• TASK TO COMPLETE:
Take the entries below and reproduce exactly the portion that begins at the line containing "this 1024×538 image." and ends at the line containing "this 575×323 image.", keeping both ends, dropping pictures, and adding nothing else.

• RECORDS FOR THIS EXERCISE:
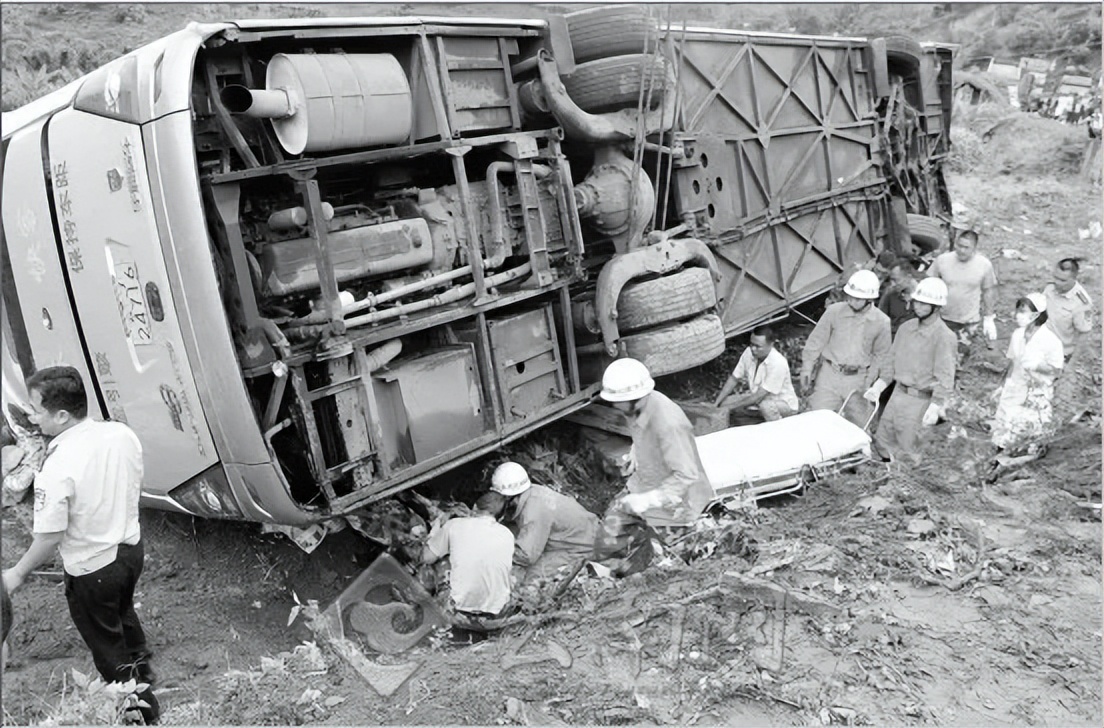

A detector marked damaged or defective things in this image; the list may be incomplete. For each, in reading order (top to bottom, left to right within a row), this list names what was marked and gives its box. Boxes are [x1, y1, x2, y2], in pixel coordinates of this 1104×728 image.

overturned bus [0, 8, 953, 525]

---

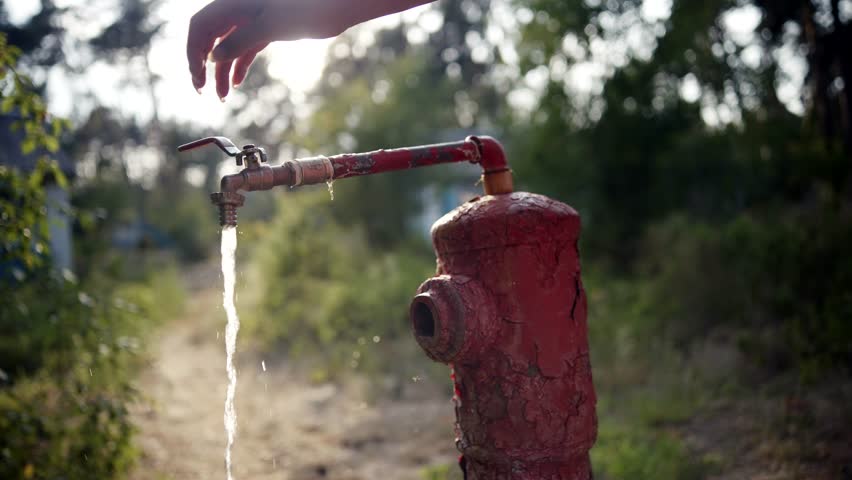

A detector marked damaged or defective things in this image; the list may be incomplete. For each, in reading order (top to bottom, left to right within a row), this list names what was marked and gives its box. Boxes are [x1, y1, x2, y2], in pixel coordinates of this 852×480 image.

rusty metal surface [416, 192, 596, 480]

...

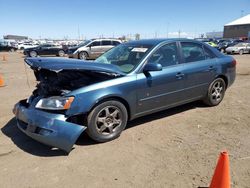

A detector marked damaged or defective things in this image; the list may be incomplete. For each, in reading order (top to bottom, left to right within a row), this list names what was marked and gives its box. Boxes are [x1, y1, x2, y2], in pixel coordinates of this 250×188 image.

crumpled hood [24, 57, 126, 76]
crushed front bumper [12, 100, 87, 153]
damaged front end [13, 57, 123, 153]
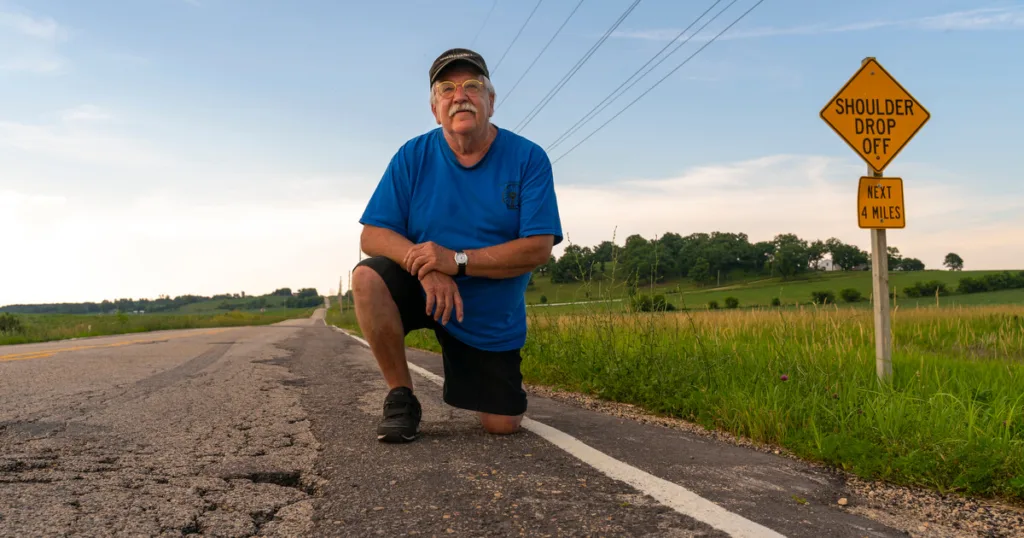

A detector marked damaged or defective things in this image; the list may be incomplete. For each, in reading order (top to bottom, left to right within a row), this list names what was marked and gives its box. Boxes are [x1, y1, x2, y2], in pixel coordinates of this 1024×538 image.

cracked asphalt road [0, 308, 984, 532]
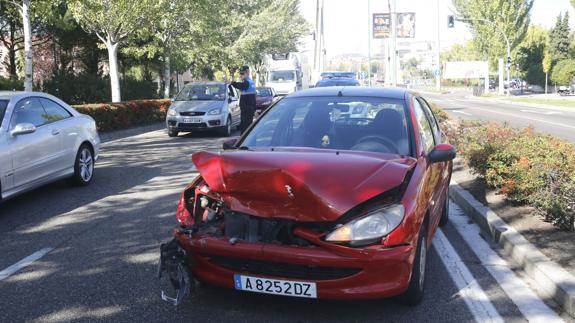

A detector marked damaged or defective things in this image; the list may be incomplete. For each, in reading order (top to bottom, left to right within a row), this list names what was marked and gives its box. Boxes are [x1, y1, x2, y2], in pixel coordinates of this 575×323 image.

• ANSWER TO THIS TASK:
A detector marked damaged or defective things in this image; the list may be incomplete. For each, in reading order (top to bottom, left to right within a row), this list names what was marked and gives its box. Boxes are [x1, y1, x2, y2], in pixel coordinates of this 1024×538 image.

cracked asphalt road [0, 308, 984, 532]

A detector marked damaged or defective things in this image; the list may be incomplete. For each, in reading order (top to bottom, left to right within a row), this list names what was marked and gives its box. Boxes are [x1, y1, x2, y2], in pixel coordinates of this 575×323 image.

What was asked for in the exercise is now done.